Courts generally require a prisoner to exhaust the BOP’s administrative remedies before
bringing a § 2241 action. See Richmond v. Scibana, 387 F.3d 602, 604 (7th Cir. 2004);
Anderson v. Miller, 772 F.2d 375, 376–77 (7th Cir. 1985). To start the process, the prisoner
must file an informal complaint with BOP staff. 28 C.F.R. § 542.13(a). If the prisoner cannot
informally resolve his complaint, he must file an administrative remedy request on a BP-9 form
within 20 days after the incident at issue. 28 C.F.R. § 542.14(a). If the prisoner is unsatisfied
with the warden’s response, he may submit an appeal on a BP-10 form to the Regional Director
within 20 days. 28 C.F.R. § 542.15(a). If the prisoner is unsatisfied with the Regional
Director’s response, he may submit an appeal on a BP-11 form to the Office of General Counsel
within 30 days. Id.
Magwood states that he filed a BP-9 form challenging the denial of his credits, but the
warden refuses to respond, which Magwood contends violates his due process rights because
the lack of response makes him unable to file an appeal. Magwood is incorrect about the
consequences of the warden’s failure to respond. When a prison official fails to respond to an
administrative request or appeal, the prisoner “may consider the absence of a response to be a
denial at that level.” See 28 C.F.R. § 542.18. So Magwood still has an opportunity to exhaust
the remaining levels of the administrative process by treating the warden’s non-response as a
denial of his request and filing an appeal.

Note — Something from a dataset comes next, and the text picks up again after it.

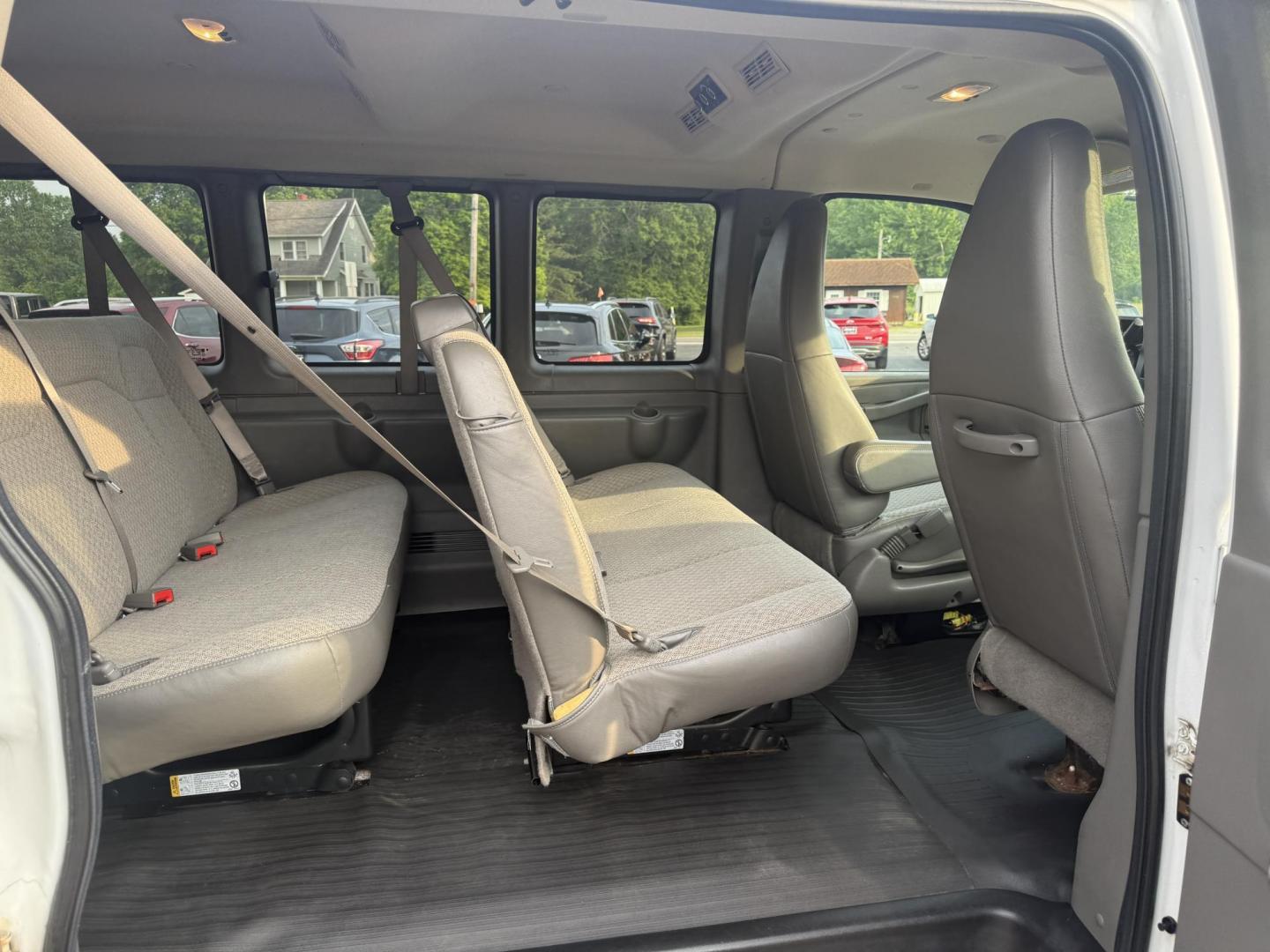 2017 White /Gray Chevrolet Express LS 2500 (1GAWGEFF4H1) with an 4.8L V8 engine, 6A transmission, located at 547 E. Main St., Orwell, OH, 44076, (440) 437-5893, 41.535435, -80.847855 - Photo#32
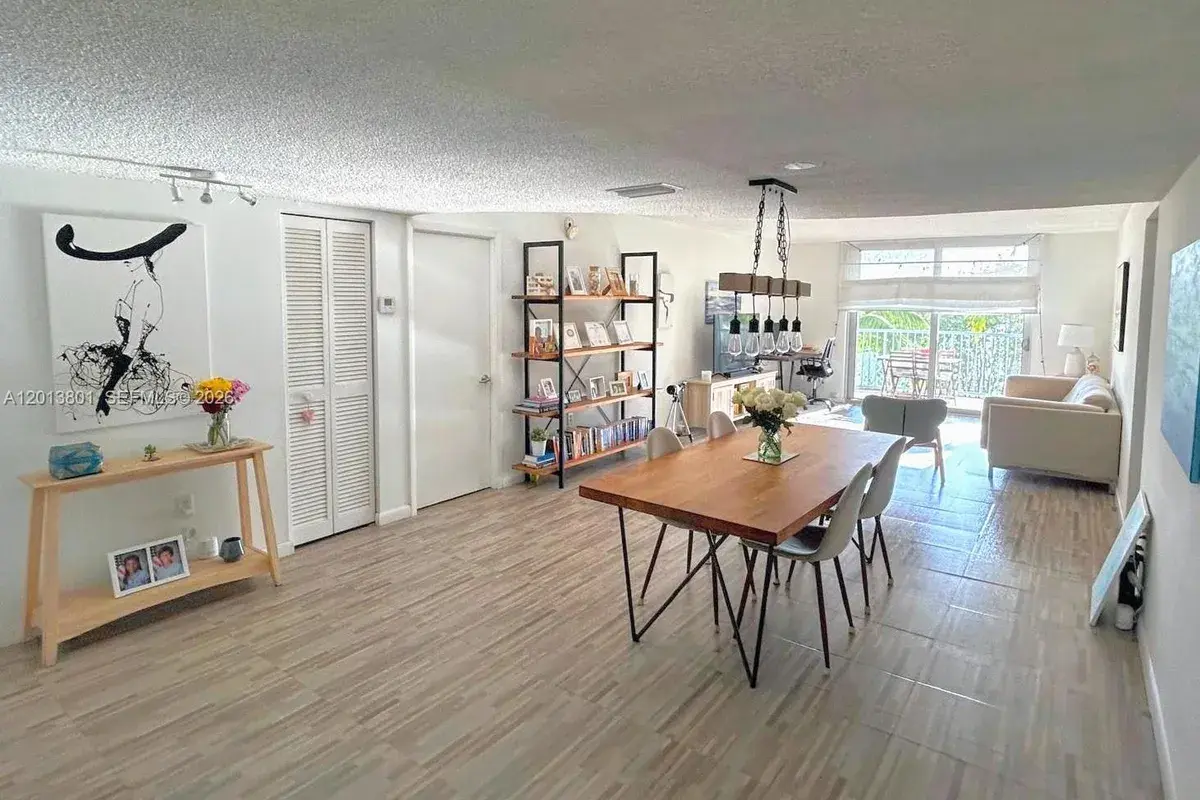 210 SeaView Dr # 405, Key Biscayne FL 33149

I may excuse a failure to exhaust where: (1) requiring exhaustion would cause prejudice
because of the time required; (2) the agency cannot resolve the issue or grant the requested
relief; (3) exhaustion would be futile because the agency is biased or has already determined
the issue; or (4) substantial constitutional questions are raised. Gonzalez v. O’Connell,
355 F.3d 1010, 1016 (7th Cir. 2004). These exceptions do not apply to Magwood. In
particular, his projected release date is September 28, 2024, so if he acts promptly, he should
be able to exhaust administrative remedies well before his projected release date.
IT IS ORDERED that:
1. Earl C. Magwood’s petition under 28 U.S.C. § 2241, Dkt. 1, is DISMISSED
without prejudice for failure to exhaust administrative remedies.
2. The clerk of court is directed to enter judgment and close this case.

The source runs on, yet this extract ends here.